A branch can't be deleted from the server cluster immediately after it
is removed from the last wiki however. For better or worse, each
branch contains static assets from core (resources & skins) and
extensions that are served by the apaches. These assets are served
using versioned URLs such as
https://bits.wikimedia.org/static-1.23wmf17/skins/common/images/poweredby_m….
Varnish caches pages containing these URLs for anons for up to 30
days. That means that a request for static content contained by the
1.23wmf17 branch could be needed to satisfly an apache request for up
to 30 days after that branch is no longer being used to satisfy PHP
backed requests. Assuming the weekly release cadence, this means that
the static assets from a branch are needed on the cluster for at least
45 days (14 days of active branch use + 31 days of cached page use).
At the moment we don't have a well documented procedure for cleaning
up old branches on tin and servers that rsync with tin (directly and
indirectly). It seems to be a process that Sam does occasionally. The
last commits that cleaned up old branches were merged on 2014-02-15:
https://gerrit.wikimedia.org/r/#/c/113640/,https://gerrit.wikimedia.org/r/#….
These commits cleaned up some truly ancient branches.

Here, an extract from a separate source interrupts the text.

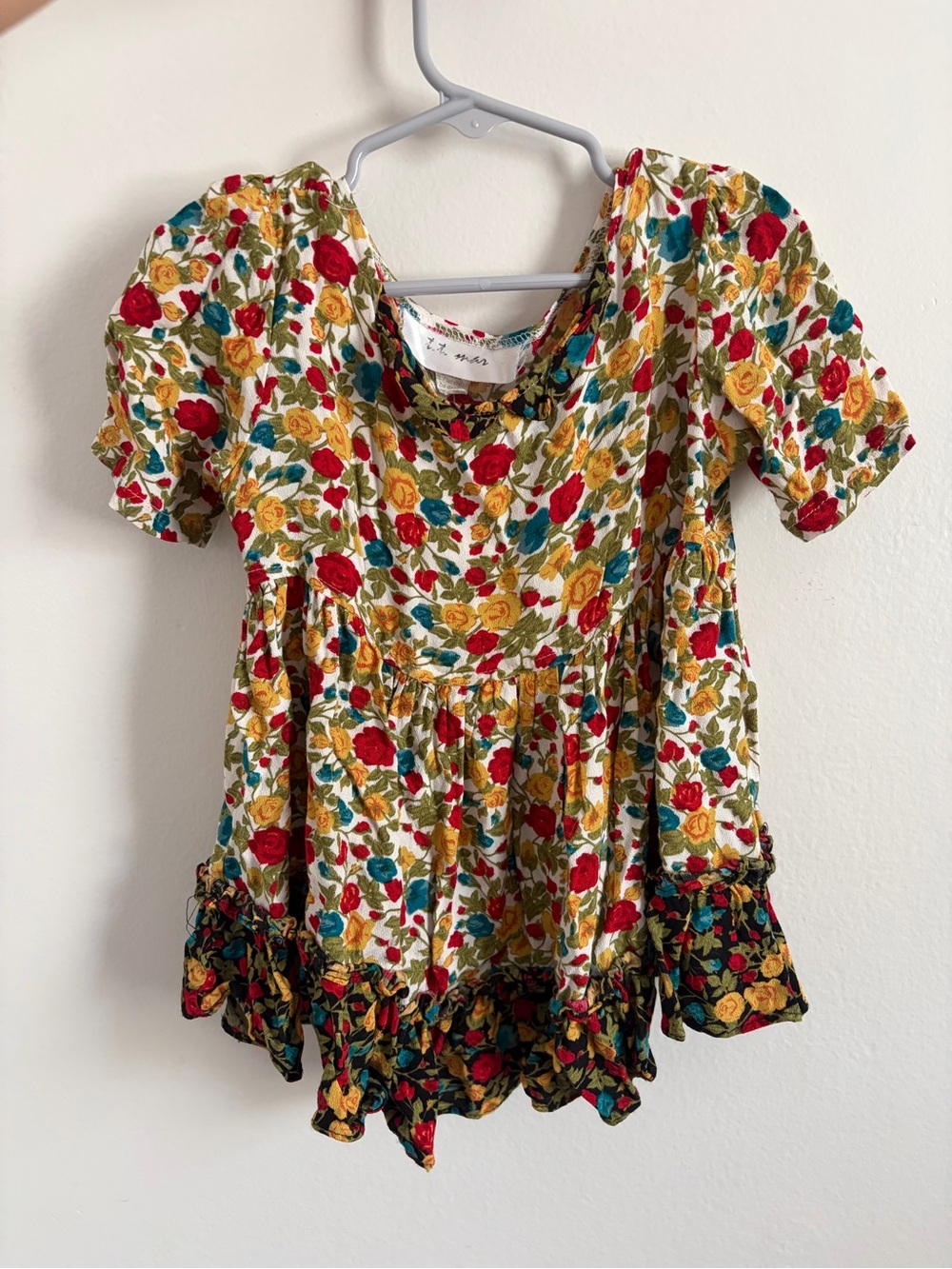 Vintage Ruffle-Hem Kids Dress by T.T. Marr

A slightly different by related problem is the amount of disk space
consumed by the l10n cache files for unused MW versions. The combined
json and CDB files for the current 1.23 branches consume ~1.7G per
version. It looks like Sam has been pruning these at some point as
well as the cache/l10n directory for version 1.23wmf12 and earlier are
empty.
I recommend that we add two new weekly cleanup steps:
* When we deploy a new branch to group0 (Thursdays), all branches
retired more than 5 weeks ago should be removed. This should really
only include multiple branches the first time it's done to catch up.

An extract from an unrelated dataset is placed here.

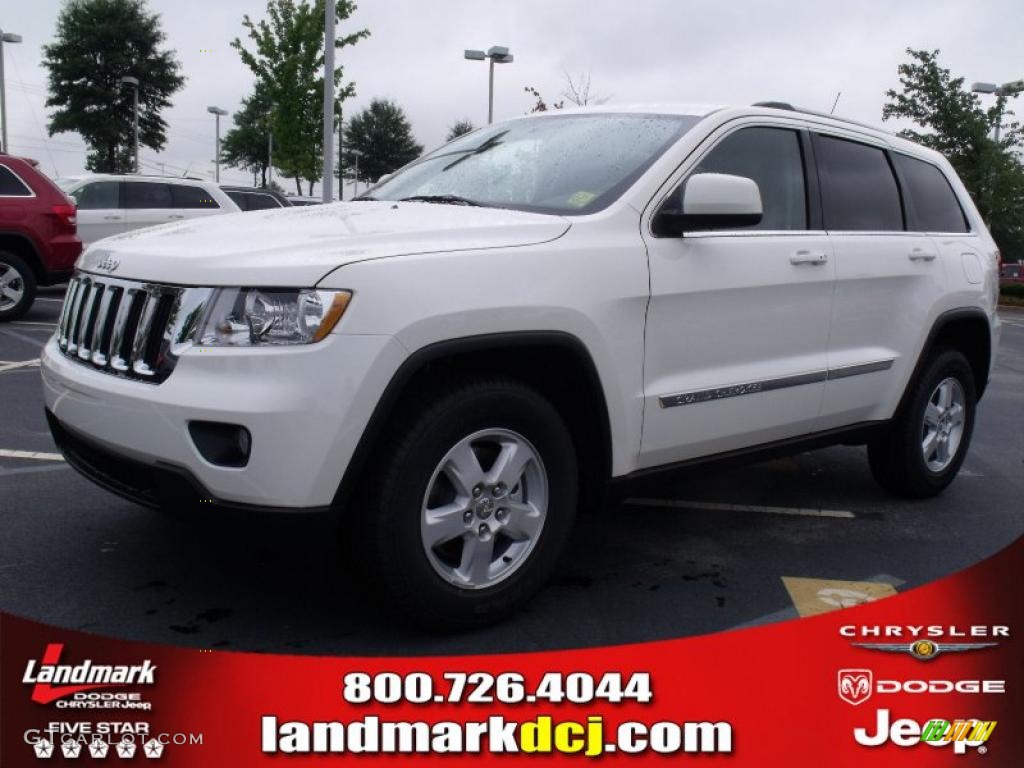 2011 Grand Cherokee Laredo - Stone White / Dark Graystone/Medium Graystone photo #1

After that it will be an "add a branch, kill a branch" situation. With
the current release cadence this will keep us at 7 checked out
branches on tin, 2 versions in active use and 5 waiting for potential
cache references to expire.
* When we move group1 to the newest branch (Tuesdays), the cache/l10n
directory of all non-active branches should be purged. By this point
there is little chance that we will be reverting the wikipedias to the
N-2 branch and thus the l10n cache is just taking up disk space and
slowing down rsync comparisons.
Are there any objections to adding these procedures to the MW deploy process?
Bryan
--
Bryan Davis Wikimedia Foundation <bd808(a)wikimedia.org>
[[m:User:BDavis_(WMF)]] Sr Software Engineer Boise, ID USA
irc: bd808 v:415.839.6885 x6855